## PROVIDED RECORDS

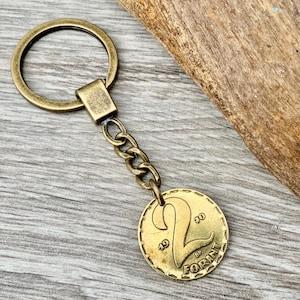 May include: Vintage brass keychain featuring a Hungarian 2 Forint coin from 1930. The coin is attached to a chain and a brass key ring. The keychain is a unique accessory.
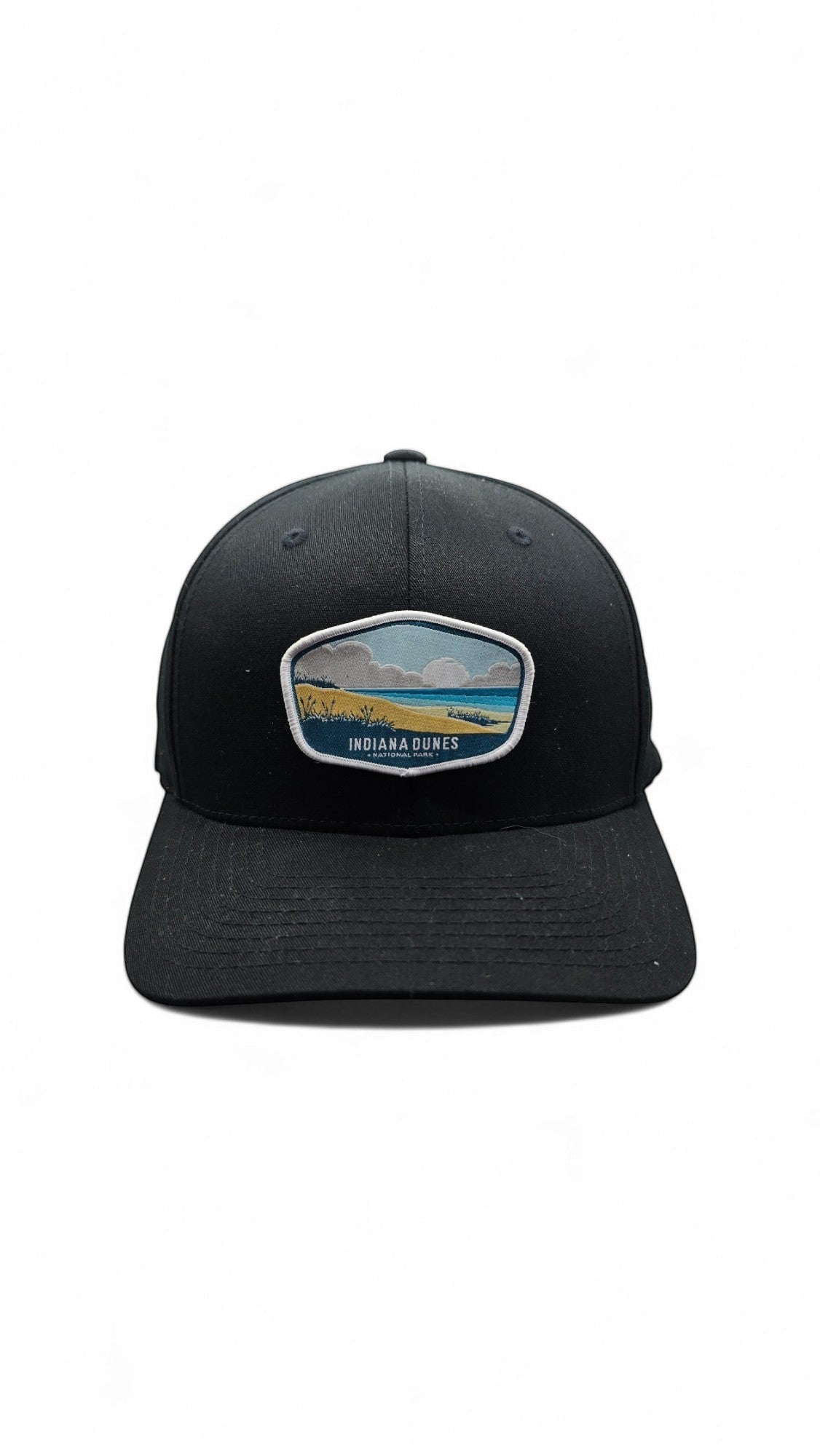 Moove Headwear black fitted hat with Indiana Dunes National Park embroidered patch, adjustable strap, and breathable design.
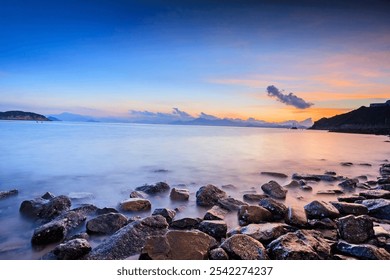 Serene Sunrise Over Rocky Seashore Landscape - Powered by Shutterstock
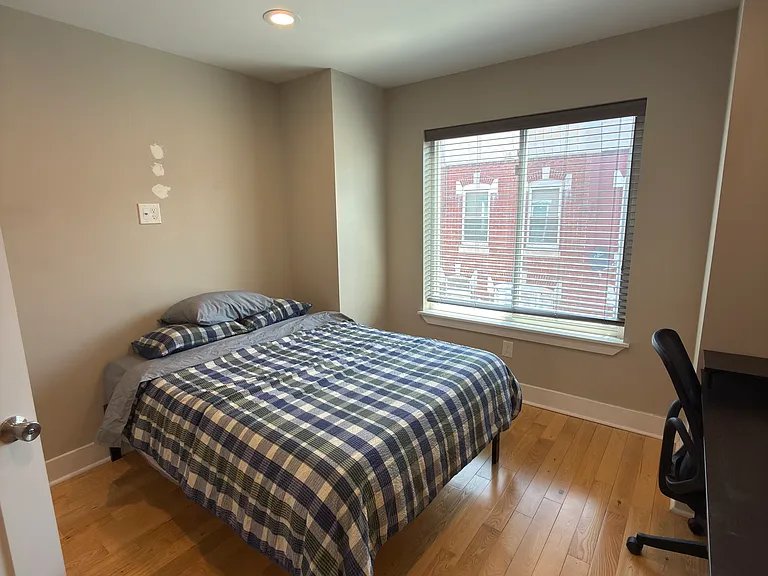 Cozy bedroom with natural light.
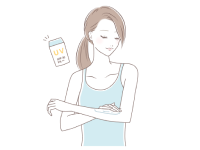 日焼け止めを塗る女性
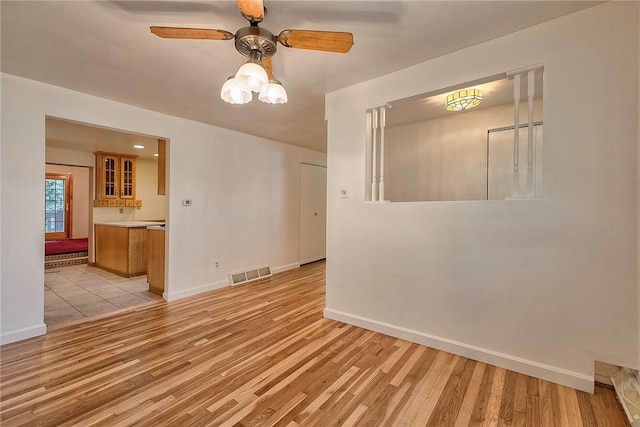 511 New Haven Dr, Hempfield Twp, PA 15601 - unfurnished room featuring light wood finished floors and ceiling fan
* * *
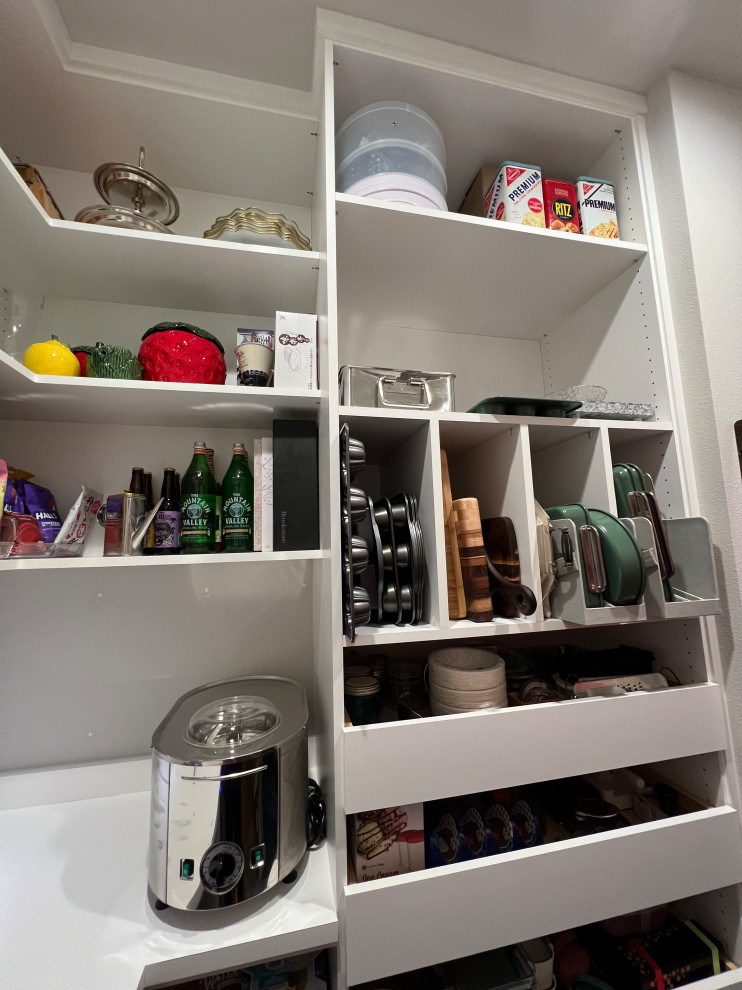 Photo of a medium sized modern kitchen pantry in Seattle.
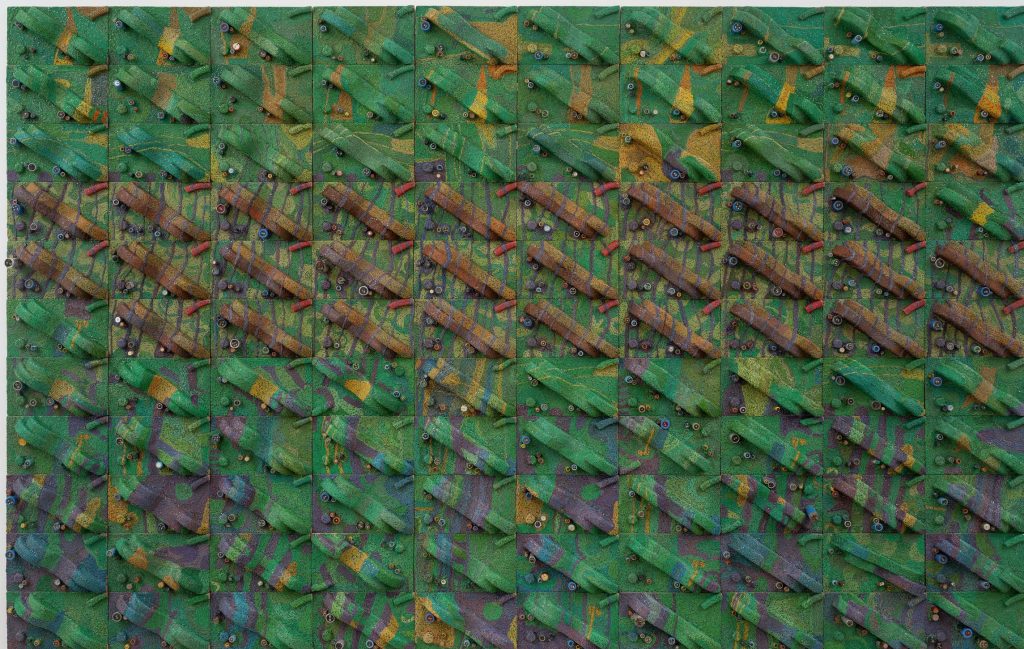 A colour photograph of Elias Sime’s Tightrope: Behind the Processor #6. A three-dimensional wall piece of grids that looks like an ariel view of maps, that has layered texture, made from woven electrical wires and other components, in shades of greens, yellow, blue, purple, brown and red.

## TASK DETAILS
Reproduce the data above exactly, but only the lines from the one showing "May include: Vintage" through the one showing "511 New Haven", with both ends kept and the pictures left out.

## RESPONSE TO THE EXERCISE
 May include: Vintage brass keychain featuring a Hungarian 2 Forint coin from 1930. The coin is attached to a chain and a brass key ring. The keychain is a unique accessory.
 Moove Headwear black fitted hat with Indiana Dunes National Park embroidered patch, adjustable strap, and breathable design.
 Serene Sunrise Over Rocky Seashore Landscape - Powered by Shutterstock
 Cozy bedroom with natural light.
 日焼け止めを塗る女性
 511 New Haven Dr, Hempfield Twp, PA 15601 - unfurnished room featuring light wood finished floors and ceiling fan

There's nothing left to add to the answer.